Peter Hollingworth (born April 10, 1935) is a prominent Australian Anglican clergyman and was the Governor-General of Australia, a post he held from 29 June 2001 upon the retirement of Sir William Deane[?]. His full title is the somewhat unwieldy "His Excellency the Right Reverend Dr Peter Hollingworth AC OBE". Following an inquiry which charged he had covered up child sex abuse cases and following an accusation of rape, he resigned from the post on 26 May 2003, and on 28 May the Queen accepted his resignation as Governor-General effective the following day.

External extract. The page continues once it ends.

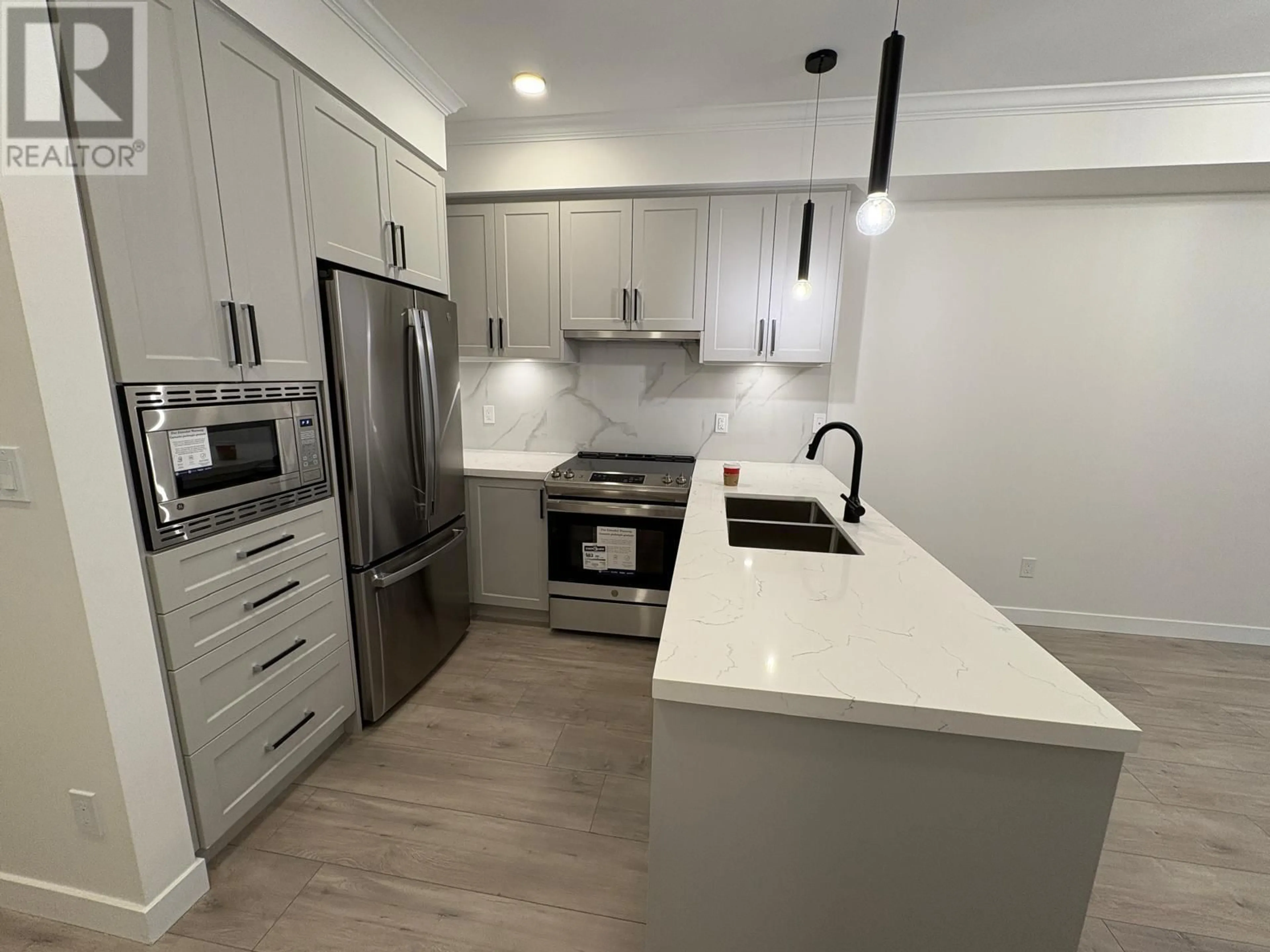 Open concept kitchen, unknown for 208 - 12109 223 STREET, Maple Ridge British Columbia V2X5Y6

Peter Hollingworth was born in Adelaide, South Australia before moving to Melbourne as a boy. After attending state primary schools, his latter secondary education was at the private Scotch College. After completing his secondary education he began work for BHP. Hollingworth apparently often spent his lunch hours in the local Anglican church, and at this point the idea of becoming a priest was first suggested to him.

Conscripted for "National Service" in 1953, Hollingworth began work in the Padre's Office, and decided to become a priest. He attended the University of Melbourne, living at Trinity College, graduating in 1960 with a Bachelor of Arts and a Licentiate of Theology.

Dr. Hollingworth became a deacon, then the priest in charge of St. Mary's, a church in North Melbourne (on the fringes of Melbourne's central business district). In 1964, he joined the Brotherhood of St Laurence[?], an Anglican charity which helps the disadvantaged, ultimately rising to the position of Executive Director in 25 years with the Brotherhood. During this time he was made an Officer of the Order of the British Empire[?] in 1976, and an officer of the Order of Australia in 1988 for this work. As well as these secular honours, he was elected Canon of St. Paul's Cathedral in 1985 and consecrated a bishop of the Inner City in 1985. During this time, he completed a Master of Arts in Social Work from Melbourne University, and wrote several books about his work with the poor.

In 1989, he became Archbishop of Brisbane, after winning a tightly-contested election for the position and much lobbying. During the 1990s, the Anglican Church in Queensland, like many other churches around the world at the time, was beset by problems with sexual misconduct (ranging from breaches of the church's own rules to criminal paedophilia). Hollingworth's handling of these issues as the administrator of Queensland's Anglicans would later give rise to much controversy.

In 1992, he was made Australian of the Year[?] for his charity work.

On 22 May 2001, he was awarded the Lambeth Degree of Doctor of Letters from the Archbishop of Canterbury, Dr George Carey[?]. Whilst he did not submit a thesis for this award, it is not regarded as an honorary degree and does indeed confer the title of "Dr".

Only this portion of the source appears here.